# TO DO
In the answer, each line from the top of the material through the line that contains "Studio shot of" is restated exactly. No picture is given again.

# MATERIAL FOR THE TASK
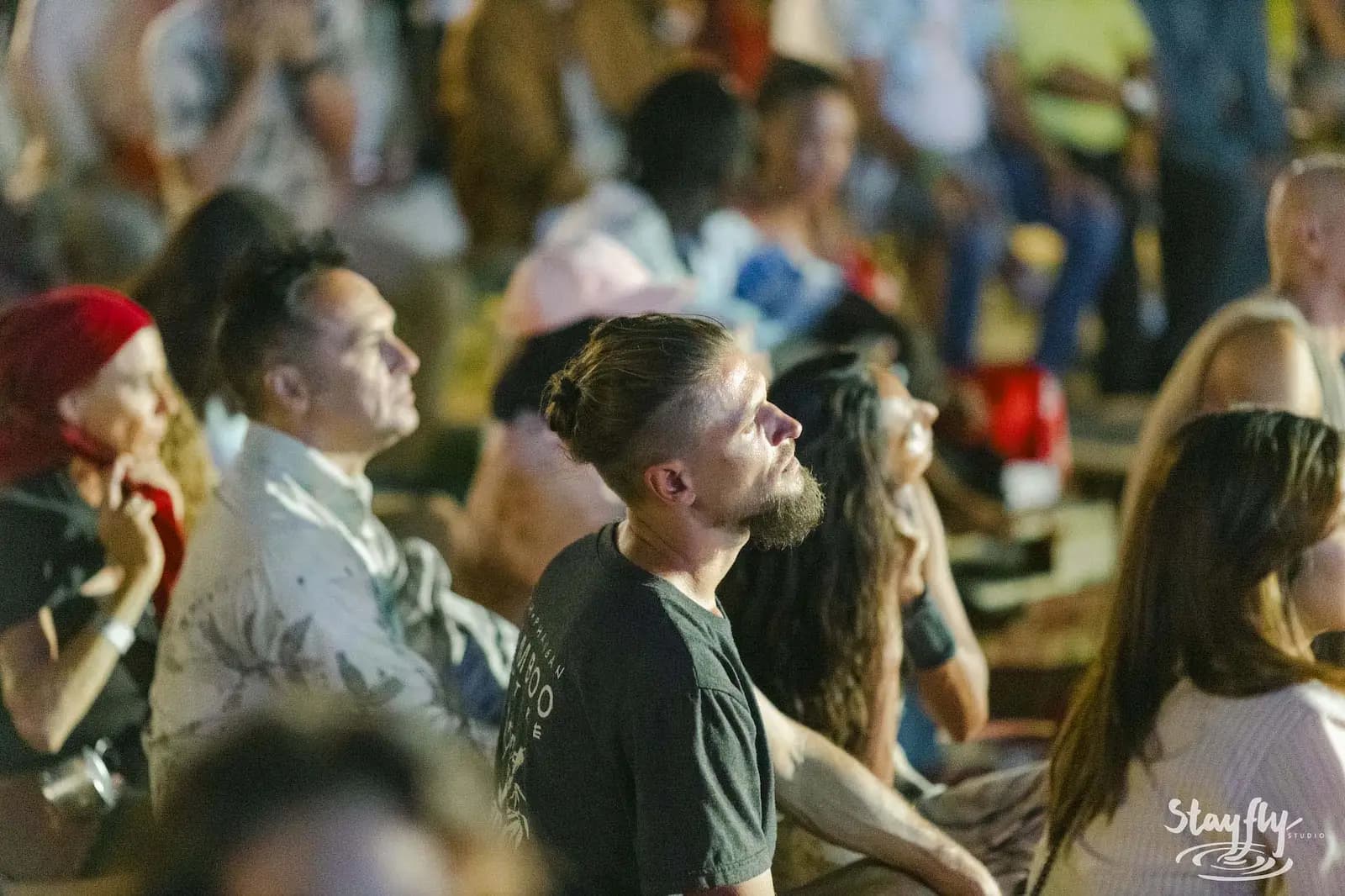 Audience faces gazing upward in warm dusk light.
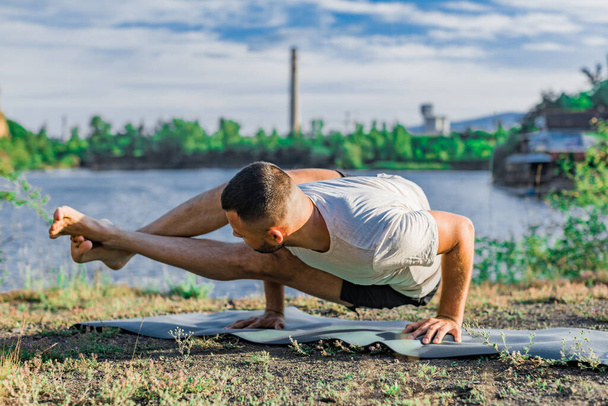 A young man sits on a quarry lake at sun, doing yoga. Sitting in yoga pose. Balance, harmony, concentration and relaxation. - Foto, Imagem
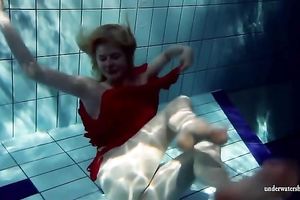 Blonde breasty European teenie in red costume underwater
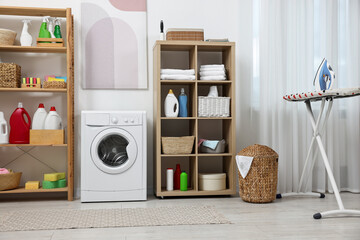 Laundry room interior with washing machine and furniture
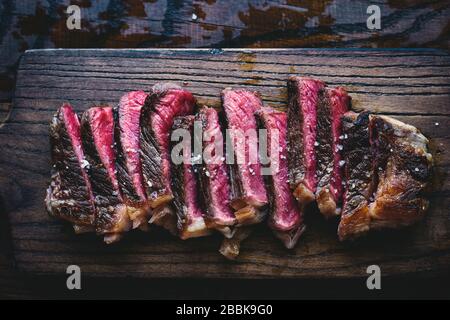 Delicious homemade medium rare black Angus sliced steak with sea salt on a wooden board top view American food Stock Photo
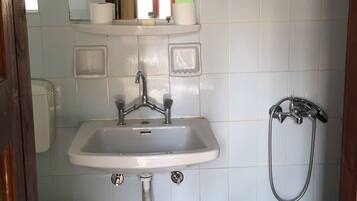 Un baño con lavamanos, espejo, ducha y un taburete pequeño.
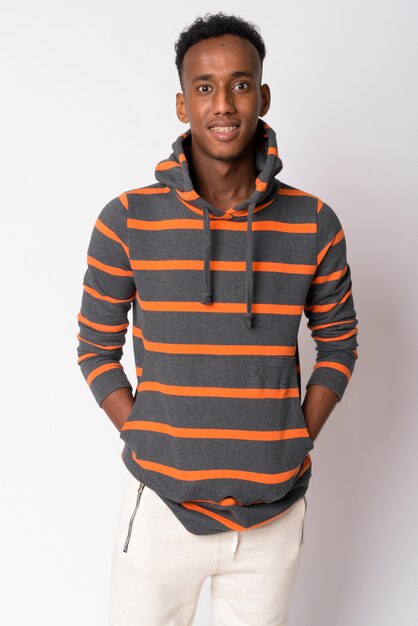 Studio shot of young handsome African man with Afro hair against white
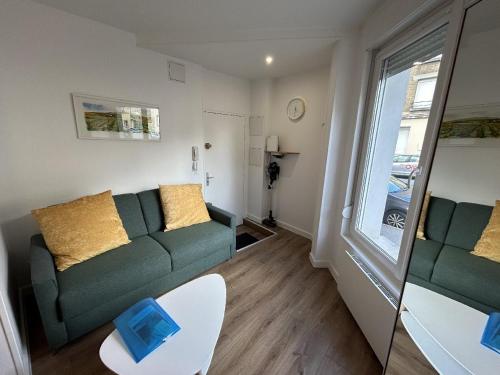 un salon avec un canapé vert et une fenêtre dans l'établissement Le Charmant Créneau - Basilique, à Reims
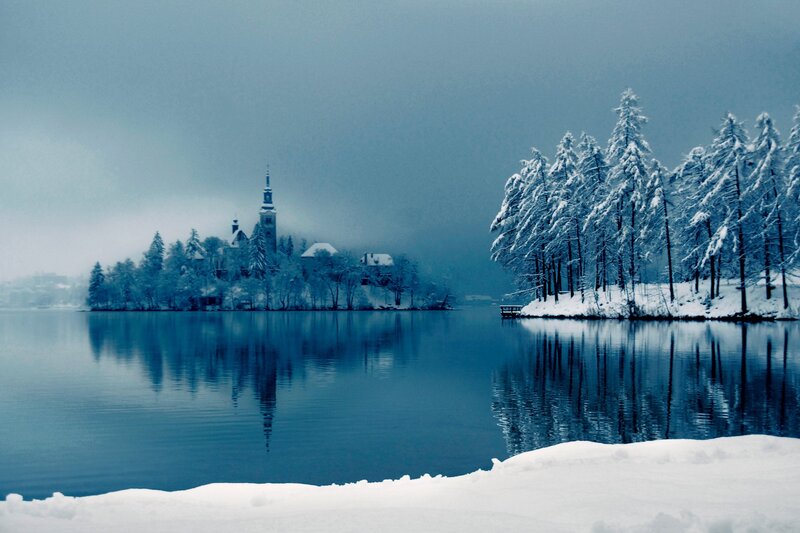 Snowy lake with island church
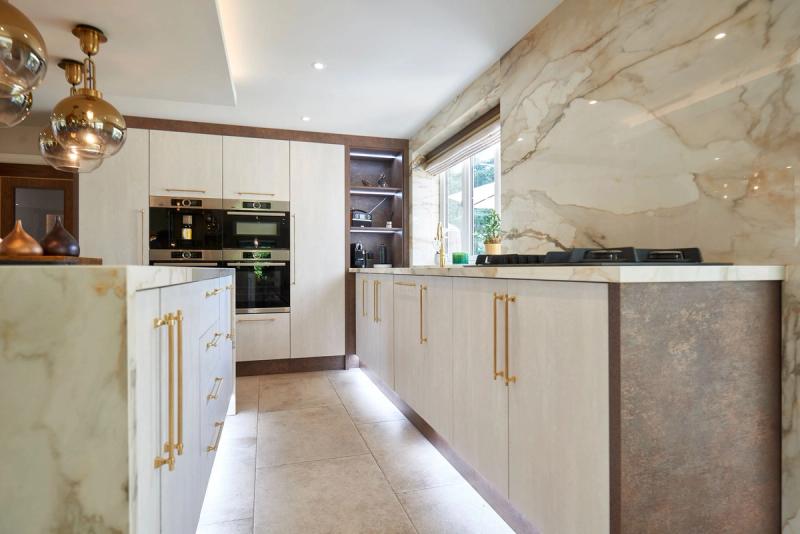 Kitchen with gold touches and Hafele fixtures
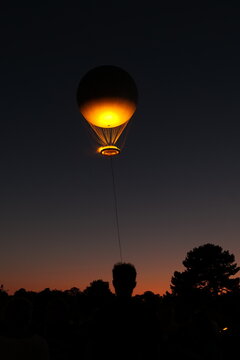 Une silhouette d'une personne avec un t&eacute;l&eacute;phone portable devant le ballon de la flamme olympique au dessus du ciel de nuit de Paris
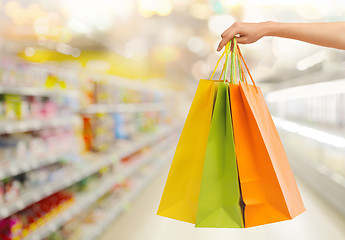 Image showing hand with shopping bags over supermarket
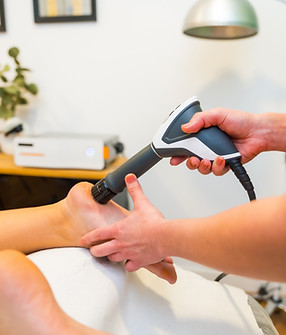 Unrecognizable patient undergoing modern therapy to reduce pain through shockwaves at a ph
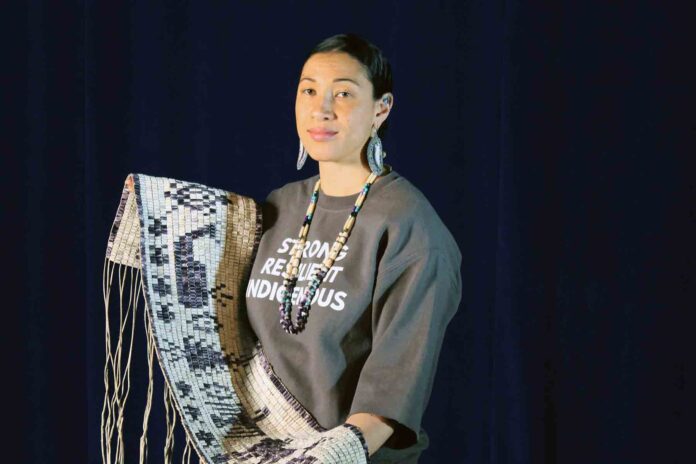 Danielle Hill with the new wampum belt Danielle Hill with the new wampum belt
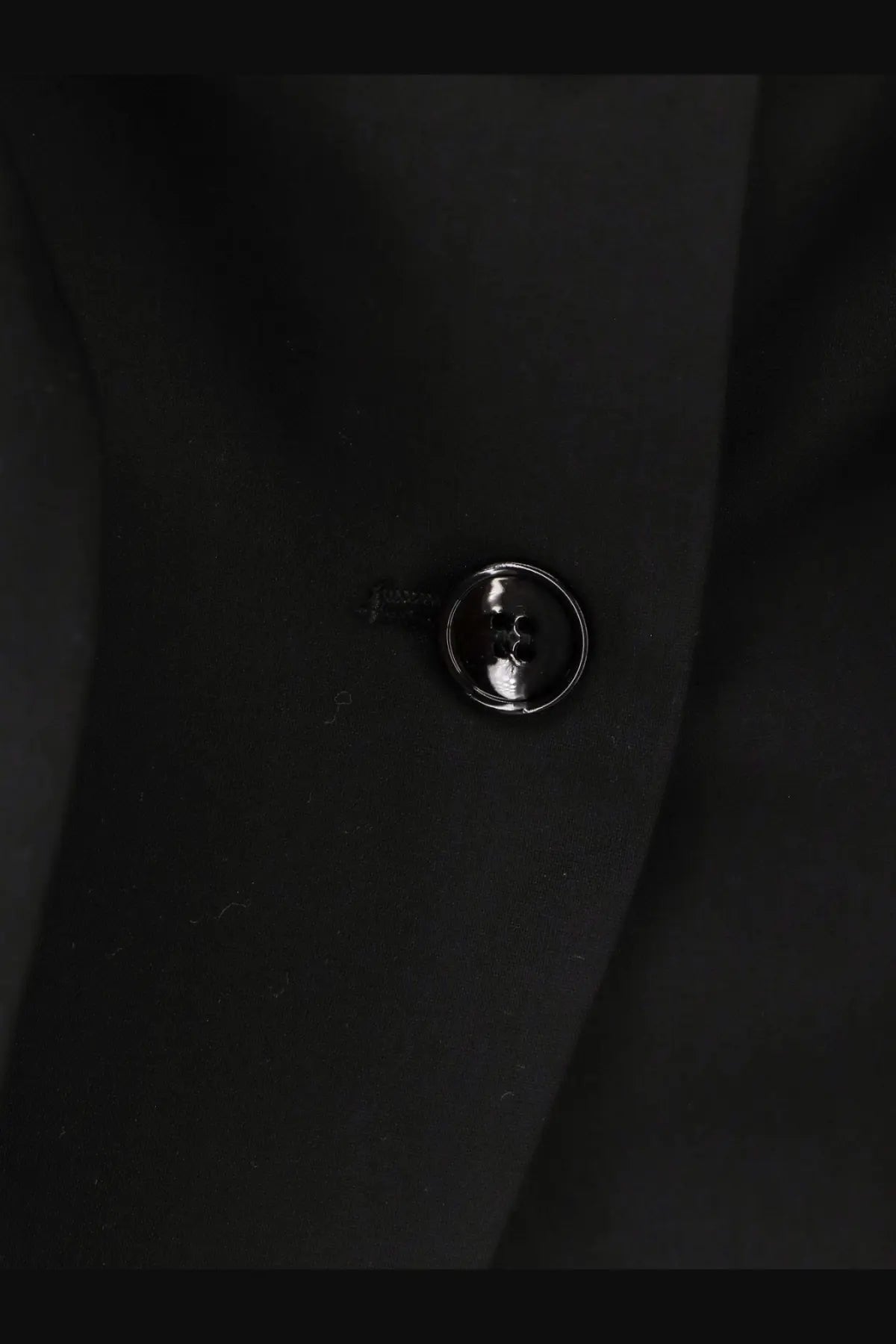 A sleek glossy black button with metallic sheen on max mara women’s veruska virgin wool top black fabric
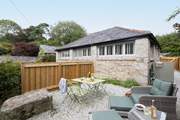 Wander out through the bedroom doors to access this lovely enclosed space.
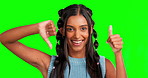 Thumbs up, down and face smile of woman on green screen in studio isolated on a background. Confused, portrait and happy Indian model or person with emoji for yes, no or agreement and disagreement.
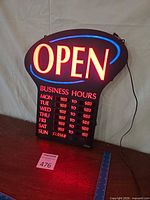 Front view of illuminated LED OPEN sign showing business hours grid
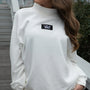 White turtleneck sweater with Lulu Mac logo worn by a person outdoors.
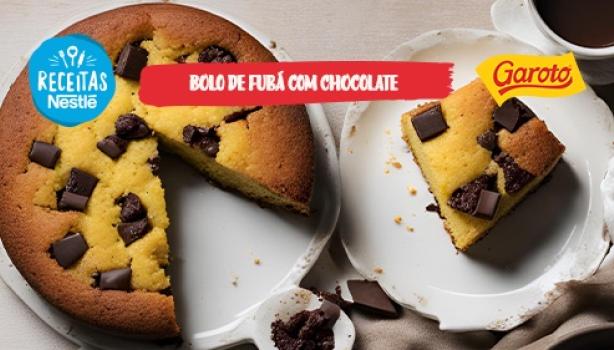 Fotografia mostra um bolo de fubá amarelado com pedaços de chocolates espalhados pela massa.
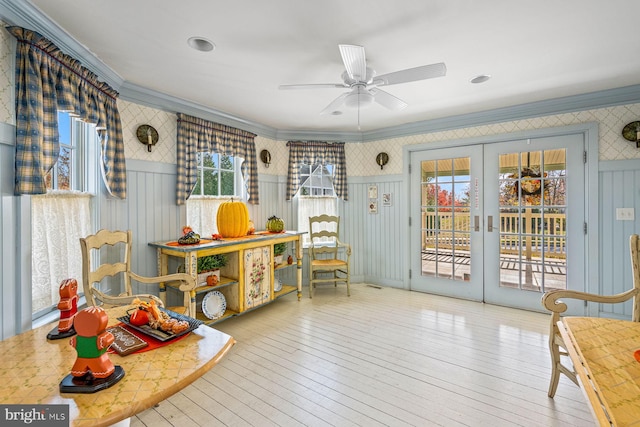 sitting room featuring french doors, light wood-type flooring, and ceiling fan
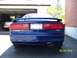 1993 Ford Probe - Rear view of a blue 1993 Ford Probe GT, parked in front of a garage with another vehicle inside.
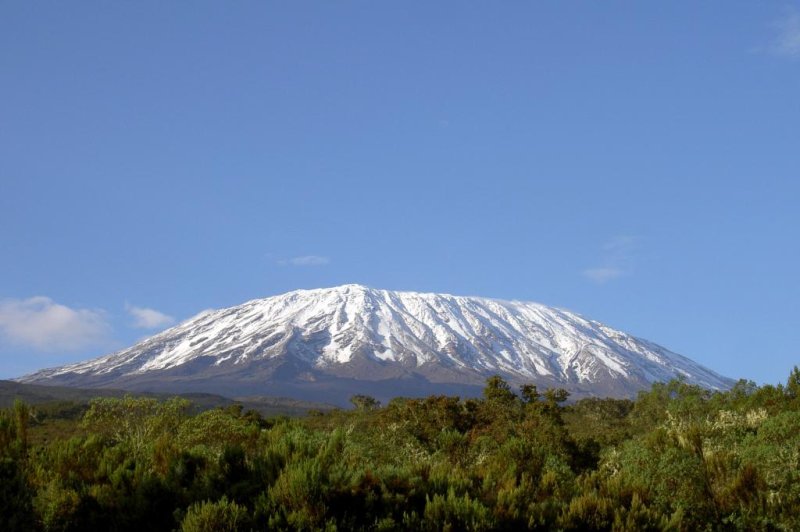 Tourists climbing Mount Kilimanjaro will be able to access the Internet while scaling the volcanic mass after the government of Tanzania installed a broadband network at Uhuru Peak. Photo by Chris 73/<a href="https://commons.wikimedia.org/wiki/File:Mt._Kilimanjaro_12.2006.JPG">Wikimedia Commons</a>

# RESULT OF THIS EXERCISE
 Audience faces gazing upward in warm dusk light.
 A young man sits on a quarry lake at sun, doing yoga. Sitting in yoga pose. Balance, harmony, concentration and relaxation. - Foto, Imagem
 Blonde breasty European teenie in red costume underwater
 Laundry room interior with washing machine and furniture
 Delicious homemade medium rare black Angus sliced steak with sea salt on a wooden board top view American food Stock Photo
 Un baño con lavamanos, espejo, ducha y un taburete pequeño.
 Studio shot of young handsome African man with Afro hair against white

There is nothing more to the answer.